Un tourbillion di epoche, dall’anno mille a oggi, un poeta che cerca ispirazione tra ogni peripezia, una donna ricciuta e nera, storpia e magica, intrighi bizantini e normanni tra guerre e conquiste, un popolo oppresso che crede ai miracoli (che avvengono).
E poi lei, Napoli, stracolma di umanità e misteri nella quale il poeta, Teofanès, e la donna magica, Morfisa, si incontrano sul filo della narrazione di storie. E di storie che si intrecciano vorticosamente ce ne sono infinite in Morfisa o l’acqua che dorme di Antonella Cilento (Mondadori). Un romanzo che non dà respiro per quante realtà e fantasie si mescolano ma che ci dice molto: di una città nata non a caso da un Uovo irridente, del ruolo subalterno delle donne che sanno ribellarsi, delle losche trame del potere.
Il potere più intenso però, per Cilento, è quello della parola. Una lingua, la sua, che si fa immagine, tantissime immagini di infiniti accadimenti, colta e carnosa, fantastica e dialettale. Il connubio di storia e scrittura fonda su elementi naturali, protagonista è l’acqua che scorre nel mare del golfo o in un sottosuolo nascosto, acqua che si fa bolla e esce dalla bocca di una carpa per vedere futuro e passato insieme, acqua che, una volta immersi, fa viaggiare nel tempo e nello spazio.

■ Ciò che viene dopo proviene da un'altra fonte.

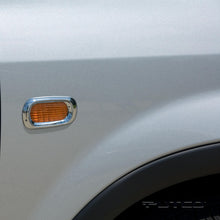 Load image into Gallery viewer, Putco 02-06 Honda CR-V Side Marker Lamp Covers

Il romanzo è popolato, proprio come la Napoli brulicante, di miriadi di personaggi sempre in bilico tra fatti storici documentati e ambienti e date inventate e ricreate, e anche in bilico tra nobiltà e popolino, tra chi è in auge e comanda e chi lo soppianta in un battibaleno.
In mezzo a mille pericoli Teofanès il bizantino, che diventa anche donna, assiste, nella sua missione di riportare in madre patria una moglie per Costantino, alla lotta per accaparrarsi il regno di Napoli dove si accavallano le ragioni e i sentimenti, le trame e le credenze. E dove il sovrannaturale fa da padrone, si crede, si adora, si inveisce, si è saggi e scriteriati, superstiziosi e prosaici.
Un romanzo diverso totalmente dal panorama letterario italiano di crisi interiori o di memoria che riaffiora. Poliedrico e avviluppante, ci porta in un mondo dell’altrove dentro la tradizione, dove tragedia e comicità si alternano con sapienza soprattutto grazie a una scrittura, anche lei, intrisa di magie.